EXERCISE DETAILS =
Any pictures in the records below must be left out when you repeat the lines from the line containing "奔驰C级(进口) 2022款 改款 C 260 轿跑车局部细节36" through the line containing "Flat 4, 18, Shepherds Hill, London photo 4" exactly.

RECORDS SHOWN =
========

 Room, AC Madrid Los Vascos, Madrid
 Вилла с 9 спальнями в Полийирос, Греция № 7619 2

========

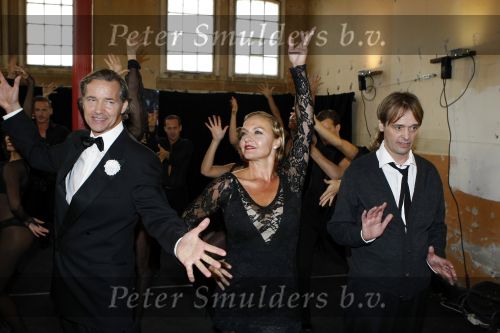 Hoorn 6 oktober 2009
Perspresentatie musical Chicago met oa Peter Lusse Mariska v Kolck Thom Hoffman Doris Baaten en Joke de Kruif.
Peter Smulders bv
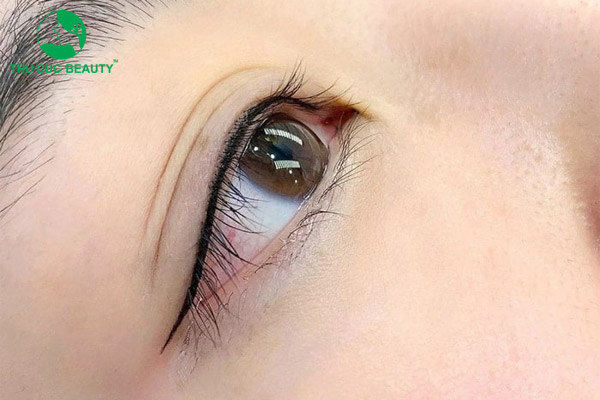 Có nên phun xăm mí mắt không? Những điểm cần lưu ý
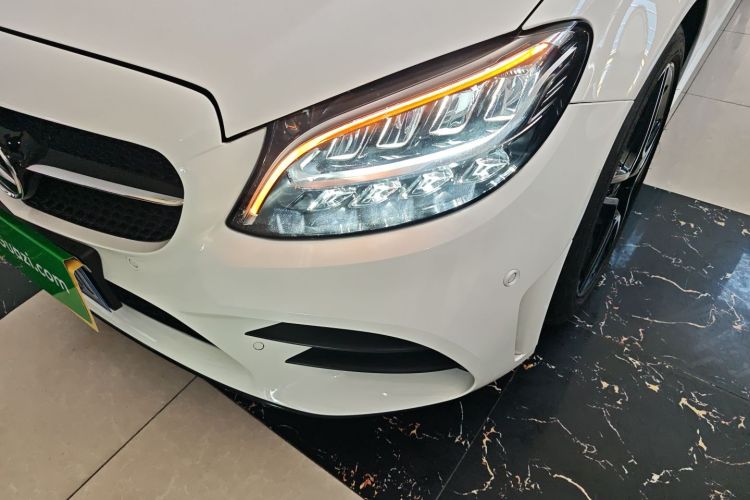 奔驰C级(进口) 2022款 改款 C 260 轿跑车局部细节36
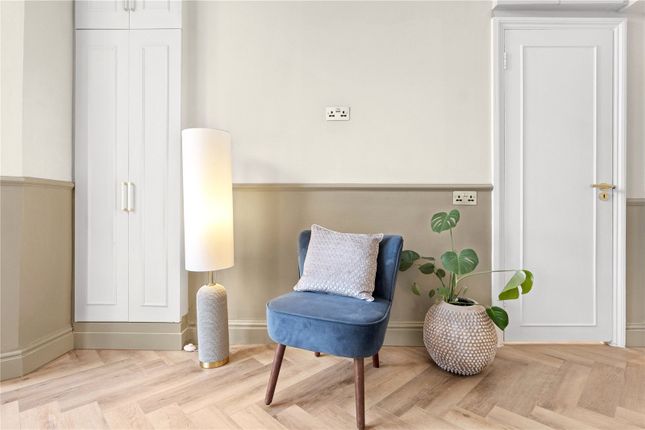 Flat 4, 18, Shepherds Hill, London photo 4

========

EXERCISE RESPONSE =
 奔驰C级(进口) 2022款 改款 C 260 轿跑车局部细节36
 Flat 4, 18, Shepherds Hill, London photo 4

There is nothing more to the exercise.